During this time of manufacturing upheaval, Americans have been buying more and more imports. The U.S. trade imbalance is probably with us for a while, but surviving exporters have become stronger. Exports grew 9.3 percent at an annualized rate in the most recent quarter, up from 1 percent during the prior three-month period. Export growth has improved along with economic conditions among our major trading partners in Asia, Europe and the Americas.
To complete the picture of broadening economic growth, I’d like to point to a couple of other developments. In multifamily housing, I’m hearing that in some areas of the Southeast apartment owners are offering fewer concessions and nudging rental rates upward as vacancy rates improve. Increased government spending for the military also has been felt in many places, including the shipyards in this region.

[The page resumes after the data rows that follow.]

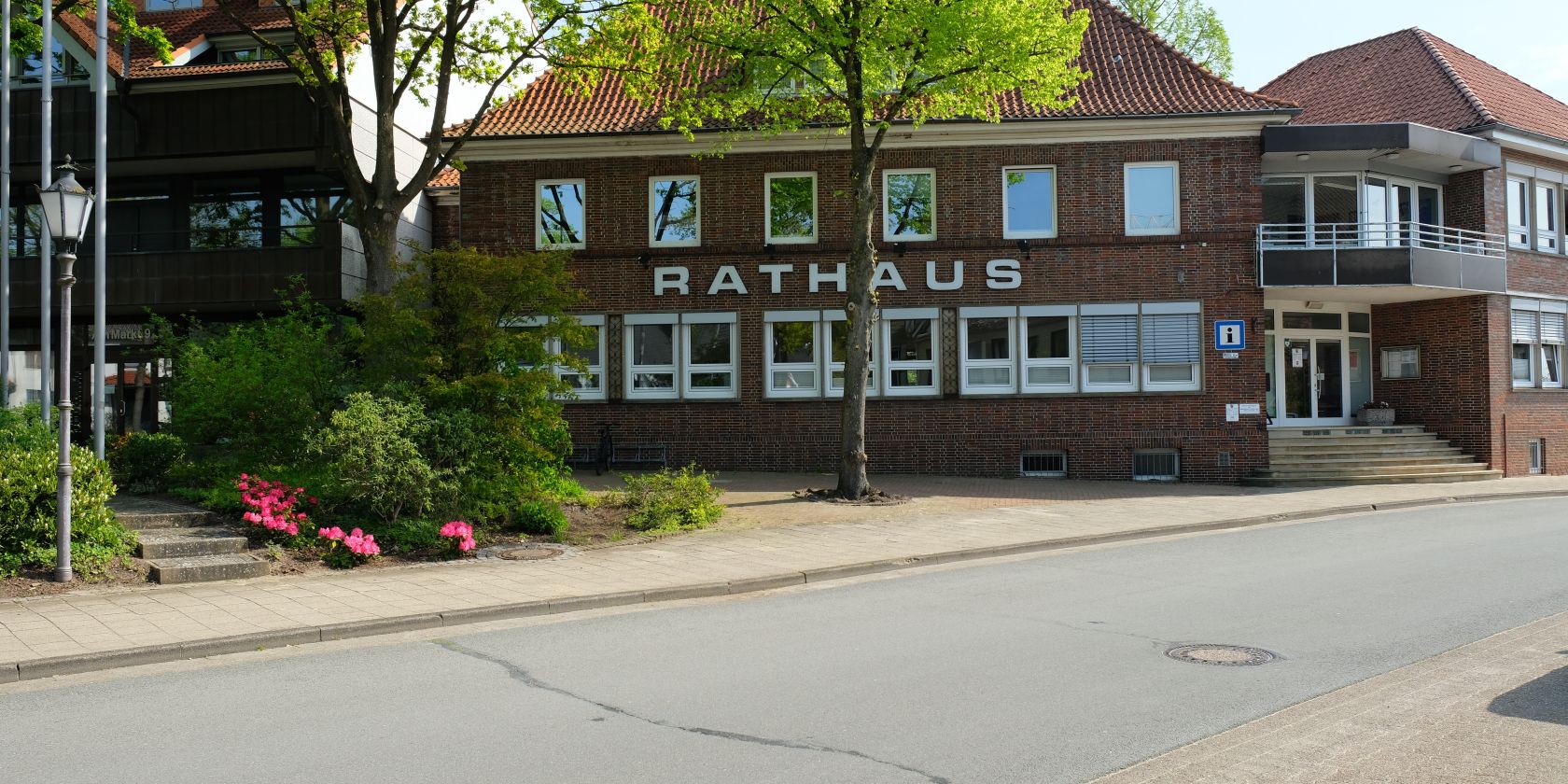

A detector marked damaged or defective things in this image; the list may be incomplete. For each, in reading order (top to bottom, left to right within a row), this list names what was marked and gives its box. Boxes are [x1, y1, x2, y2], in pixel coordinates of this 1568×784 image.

crack in asphalt [429, 637, 946, 784] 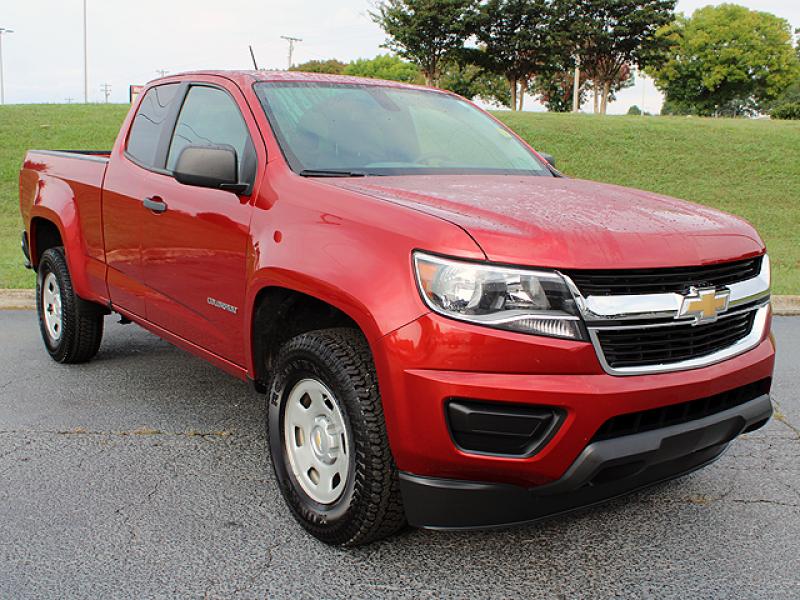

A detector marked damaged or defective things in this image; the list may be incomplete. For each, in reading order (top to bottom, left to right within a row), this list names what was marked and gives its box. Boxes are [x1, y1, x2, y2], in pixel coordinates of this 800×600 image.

cracked asphalt [0, 312, 796, 596] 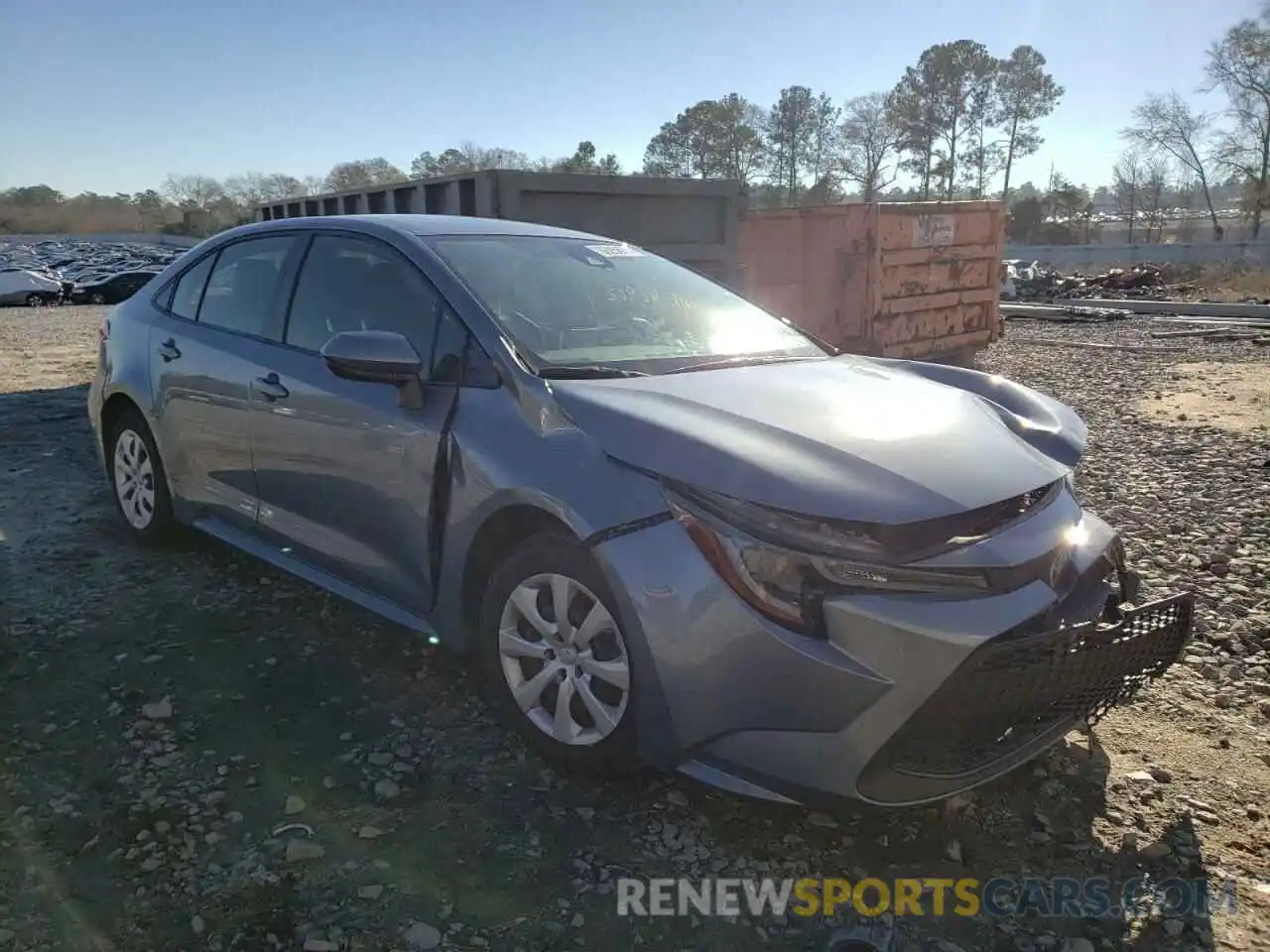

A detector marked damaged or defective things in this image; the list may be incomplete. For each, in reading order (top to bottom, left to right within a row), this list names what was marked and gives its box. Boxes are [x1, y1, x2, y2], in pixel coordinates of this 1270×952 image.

rusty shipping container [738, 200, 1008, 361]
wrecked vehicle [86, 214, 1191, 801]
cracked headlight [667, 484, 992, 631]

The economy in recent years has been full of surprises, and I expect there will be more. Although major combat in Iraq is over, shaky geopolitics and the prospect of terrorism remain risks. The increase in health care costs is another concern that I’ve mentioned in the past. And ahead of us is the growing federal deficit and its future direction. The unusual expenses associated with the military action in Iraq and the reduction in federal government revenue associated with the countercyclical tax actions should abate with time. But there are other large fiscal policy issues associated with Social Security and Medicare that have yet to be resolved.
Employment is yet another uncertainty. The economy lost approximately 2.7 million jobs since the start of the recession and half a million jobs since January. But I think it’s worth reminding ourselves that job growth usually follows GDP growth. A net jobs gain of 57,000 was reported for September, and the number of new claims for unemployment insurance has come down in recent weeks.
Have labor markets begun to stabilize? Layoffs continue, but new jobs have been created in fields such as health care and education that require specific training and skills. Broader job growth to date also has been reported in residential construction and the service sector. But much of the hiring in recent months has been by firms seeking temporary workers, an important first step before adding to full-time payrolls. I expect to see additional hiring for permanent jobs as we move into 2004 and companies reach the limits of what they can accomplish by leveraging productivity gains and existing staff.
Training never ends
The key to sustainable economic growth, as with building a winning baseball team, is balance. You can’t win in the big leagues with a lineup of only power hitters. Success on the field requires players with diverse and complementary skills performing at peak levels.
But there is no off-season for the economy. We need to remind ourselves to be patient — and realistic. A crash program of quick fixes is not what it takes to succeed as we recover from the excesses of the past and some bad unforeseen shocks that have come our way. In hindsight, we realize the growth of the late 1990s was not sustainable. Bulked-up technology spending led to excess capacity and other problems that we’re still working off.
The dynamics of today’s economy are different, with growth driven by consumer spending and businesses motivated by efficiency and cost control. We live in a free market economy. There always will be tough decisions to make, lessons to be learned and risks to be taken. But with the better balance we are seeing now in this economic expansion, my confidence is growing that the economy will be in shape for the demanding contests of the future.